Glioblastoma multiforme grade 4 is the most aggressive and malignant form of brain cancer. GBM, as it’s called, generally has a survival time of 12 to 18 months. Those who make it that far have a 3 to 5 percent chance to survive five years. There is no cure.
Dostie underwent a four-hour brain surgery at Yale New Haven’s Smilow Cancer Hospital. The surgery was Nov. 1 and he was home by Nov. 4.
His spirits are high and he is facing this news with a very upbeat attitude, his wife said.
“He’s unbelievable, I have to say,” said McManus Dostie. “He is just so positive that he’s going to beat this and that’s all he keeps saying, ‘I’ve got this. I got this. This isn’t going to take me down; I’m going to be around for a long time.’”

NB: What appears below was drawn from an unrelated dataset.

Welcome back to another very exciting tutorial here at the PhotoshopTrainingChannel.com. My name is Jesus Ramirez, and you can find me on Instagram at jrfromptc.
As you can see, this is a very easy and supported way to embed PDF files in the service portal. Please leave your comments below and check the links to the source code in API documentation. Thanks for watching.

Dostie was born and raised in Guilford. Jerry’s Transmission Services was started by his father in 1959. He is now the owner, working with his brother, Brian, for more than 35 years.

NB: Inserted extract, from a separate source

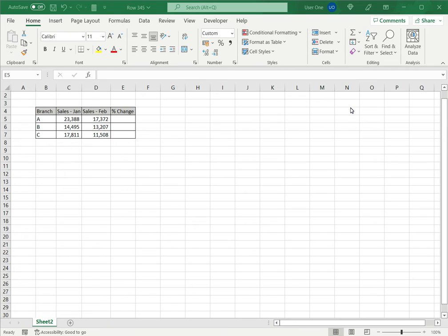How to calculate percentage decrease in Excel? Excel is frequently used for calculations and supports a large number of functions and mathematical operators. Suppose you want to know by what percentage a number has decreased.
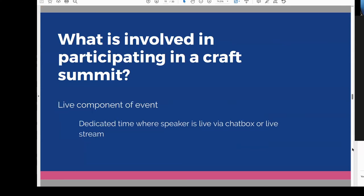There is usually some sort of live component to the event. I find this very helpful — it allows speakers to engage with audience members, which they love. This last go around we did a dedicated time where the speaker was live via chat box on the page where the video was playing. Some speakers also hopped over to Facebook and did a Facebook Live.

He and McManus Dostie, who moved to Guilford when she was 12, raised their girls, Kristen, 29, and Allison (Allie) and Paige, 22-year-old twins.

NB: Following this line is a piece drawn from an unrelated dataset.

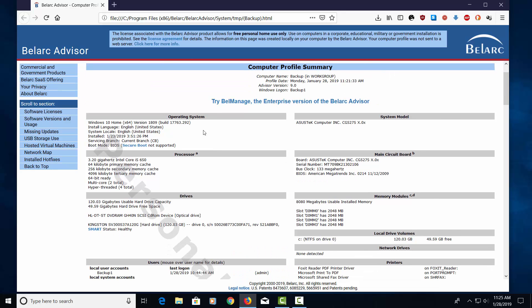If we go down here, it shows us the operating system, the processor, the drives, all kinds of information. The system model, the main circuit board or the motherboard in the computer.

Aside from his health issues, what McManus Dostie said is a huge concern for her husband is that their daughter, Allie, was born with and lives with heart disease hypertrophic cardiomyopathy (HCM), an abnormal thickening of the heart. She has undergone three open heart surgeries, the last one in April.
“I think one of my husband’s biggest fears is, our insurance is expensive and he owns his own business, and I think he was just worried not even for his own health care, but for our daughter,” said McManus Dostie.
While McManus Dostie said Allie is doing well and back at school at UConn, “she has a progressive disease and we’re just trying to keep her healthy and keep her heart as long as we can. Eventually she’ll need a transplant.”
For Dostie, there is chemotherapy and radiation to go through, plus the possibility of an immunotherapy clinical trial. McManus Dostie said they hope to travel to Memorial Sloan Kettering Cancer Center in New York City and Dana-Farber Cancer Institute in Boston, to “just make sure we’re getting him the best possible treatment that we can.”
In addition to the money pouring in, friends also have started a meal train. By signing in to http://bit.ly/32ChCWW, people can sign up to make and deliver meals to the family.
Greg Page, an owner of Thimble Island Brewing Co., said they are expecting more than 1,000 people to come support the family Saturday.
“We’re doing this because, first off, Paul Dostie is one of my best friends and because he’s a pillar of the community,” said Page. “He’s done so much for so many other people that it’s not just me. Everybody wants to help Paul because Paul’s just always done so much for so many other people.”
“The team at Thimble Island Brewery, they’ve been amazing,” said Dostie. “They’ve rearranged their entire business for this. ... They’ve really disrupted their entire business to do this for me.”
McManus Dostie also is grateful for the outpouring of support.
“I’m just sitting back and honestly I’ve just said, ‘OK, I’m just going to let this happen and I’m going to focus on my husband and my kids and make sure they’re OK and that I’m here for them,” she said.
She said the whole family feels the positive vibes coming from the community and wants everyone to know “how truly grateful we are for all the prayers, just everything that this community has extended to us and just really has wrapped their arms around us in a very sad time.
“It’s not only me, but people reaching out to our children and checking in,” she said. “It’s unbelievable, that’s all I can say. It’s really unbelievable.”